Washington State is the largest grower of asparagus in the United States. Washington’s mineral-rich volcanic soils, abundant natural water supply, warm sunny days and cool nights provide ideal growing conditions for asparagus. (source: https://www.waasparagus.com/)
This recipe was created for us by Chef Michaela Skloven and was featured in our “Summer Solstice” theme box in June 2021.
MAKES 4-6 SERVINGS
INGREDIENTS
• Local Asparagus (1 bunch)
• Spring onions (2 large)
• Feta (¼ cup)
• 1 lemon
• Local toasted Hazelnuts (¼ cup)
• Arugula
• Mint
• Kosher salt and freshly ground black pepper
• Extra virgin olive oil
EQUIPEMENT
• Grill (or a broiler)
• Large, rimmed baking sheet
• Small sauté pan or rolling pin (it’ll make sense later)
• Serving platter
INSTRUCTIONS
Preheat the grill (medium-high heat) or broiler (high)
1. Season the asparagus and spring onions
• Trim just the very end of the stem from the spring onions
(the hairy looking part)
• Take one asparagus and hold it between your thumb and fore¬finger of both hands. Gently bend the asparagus until it snaps. The bottom part that snaps off is too woody to eat. Line the edible part up with the rest of your asparagus, and you’ll be able to see where you should cut to discard the rest of the stems! Trim the woody end off of the rest of the asparagus.
• Line the asparagus and spring onions on a rimmed baking sheet. Drizzle them with 1 tablespoon of olive oil, 1 teaspoon of salt, and a few cracks of black pepper. Toss to coat.
2. Grill the asparagus and spring onions
• If using the grill, place the asparagus and onions directly on the grill (perpendicular to the grates so they don’t fall through) and cook, turning them over occasionally, for 4-5 minutes until charred and tender. Once they’re cooked, put them back on the tray.

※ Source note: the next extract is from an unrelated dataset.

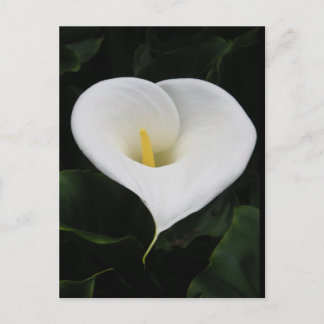 Calla Lilly Briefkaart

*Alternatively, if you’re using the broiler, put the tray in the oven 2 inches below the broiler and cook, turning the veggies over halfway through, for 4-5 minutes. When done, set aside.

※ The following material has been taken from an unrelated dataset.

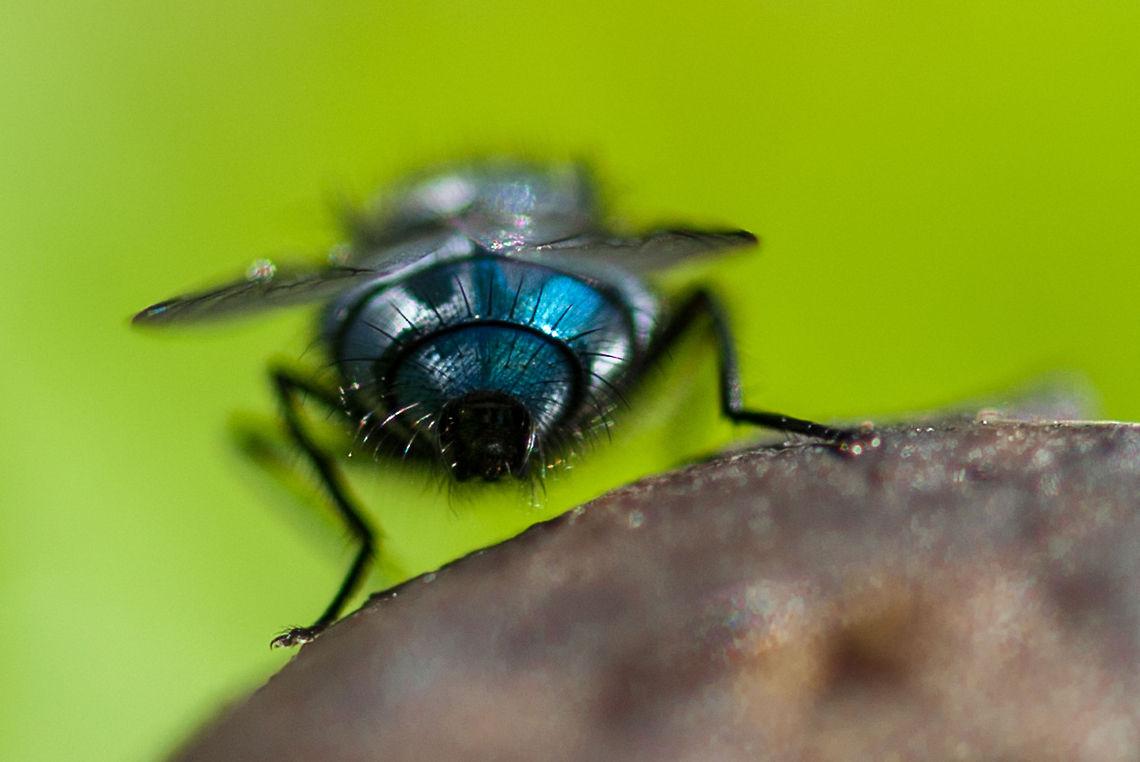 Fly on Poo, rear view It is difficult to see the beauty &amp; colour of common flies until you look through a macro lens! fly,fox poo,garden,insect,macro,portrait,rear view,wildlife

3. Prepare the salad ingredients
• Transfer 1/4 cup of the hazelnuts to a small ziploc bag.. Use the back of a pan or a rolling pin to whack the hazelnuts into small pieces
• Crumble the feta into the large mixing bowl
• Pick the mint from the stems, and tear the leaves into a few pieces.
• Cut the lemon in half
4. Mix the salad and serve
Spread the arugula onto a large serving platter. Drizzle with 1 teaspoon of olive oil, ½ teaspoon of salt, and a few cracks of pepper; toss to coat. Layer the asparagus and spring onions over the arugula. Squeeze the juice from the lemon over all the veggies, then sprinkle with the hazelnuts and mint, and crumble the feta over the top.